Hornstein’s most recent book, Agnes's Jacket: A Psychologist's Search for the Meanings of Madness, shows how the insights of people diagnosed with schizophrenia, bipolar illness, personality disorder, and paranoia force us to reconceive fundamental assumptions about madness, treatment, and mental life. From Agnes Richter, who stitched an autobiographical text into every inch of the jacket she created in a 19th-century German asylum, to the hundreds of other patients who have managed to get their stories out, Hornstein shows how first-person accounts can help to bridge the gulf between the way medicine explains psychiatric illness and the experiences of those who suffer.

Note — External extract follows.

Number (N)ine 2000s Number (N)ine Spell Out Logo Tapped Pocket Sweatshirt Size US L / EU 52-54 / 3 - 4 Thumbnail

Agnes’s Jacket also documents the history, operation, and effectiveness of the Hearing Voices Network (HVN), an international collaboration of professionals, people with lived experience, and their families and supporters who have been working together for 25 years to develop an alternative approach to coping with voices, visions, and other extreme states that is empowering and useful and does not start from the assumption that such experiences are necessarily pathological. The core of HVN’s work takes place in the hundreds of peer-support groups now held each week in 30 countries across 5 continents. Countless people who had been diagnosed with schizophrenia or other chronic psychiatric conditions are now living normally as a result of participating in these groups.

Hornstein speaks widely about HVN and other innovations in mental health across the US, UK, and Europe, and she founded – and for six years co-facilitated – one of the first HVN peer-support groups in the United States, in Holyoke, Massachusetts. She is now co-Director (with Jacqui Dillon, Chair of HVN in England) of a major research and training project (supported by the Foundation for Excellence in Mental Health Care) that is training dozens of new hearing voices group facilitators across the US, and conducting research to identify the key mechanisms by which this approach works.

Hornstein’s research has been supported by grants and fellowships from the National Library of Medicine, the American Council of Learned Societies, the National Science Foundation, the National Endowment for the Humanities, the Marion and Jasper Whiting Foundation, and currently, by a major grant from the Foundation for Excellence in Mental Health Care.

She is the recipient of visiting fellowships from the History of Science Department, Harvard University; the Bunting Institute, Radcliffe College; Clare Hall, Cambridge University; Magdalen College, Oxford University; the School of Advanced Study, University of London; the Centre for Research in the Arts, Social Sciences, and Humanities, Cambridge University; the Birkbeck Institute for Social Research, University of London; and the School of Advanced Study, Durham University. In 2011, Hornstein was awarded the Meribeth E. Cameron Faculty Award for Scholarship at Mount Holyoke, and in 2014 she received the Ally Award of the Western Massachusetts Peer Network.

The former chair of Mount Holyoke's Women's Studies Program, Hornstein was founding Director of the interdisciplinary Five College Women's Studies Research Center for its first 10 years. An avid organic gardener, she spends her free time fishing, traveling in Europe, and searching for the perfect beach. She writes and works in Holyoke, Massachusetts and London.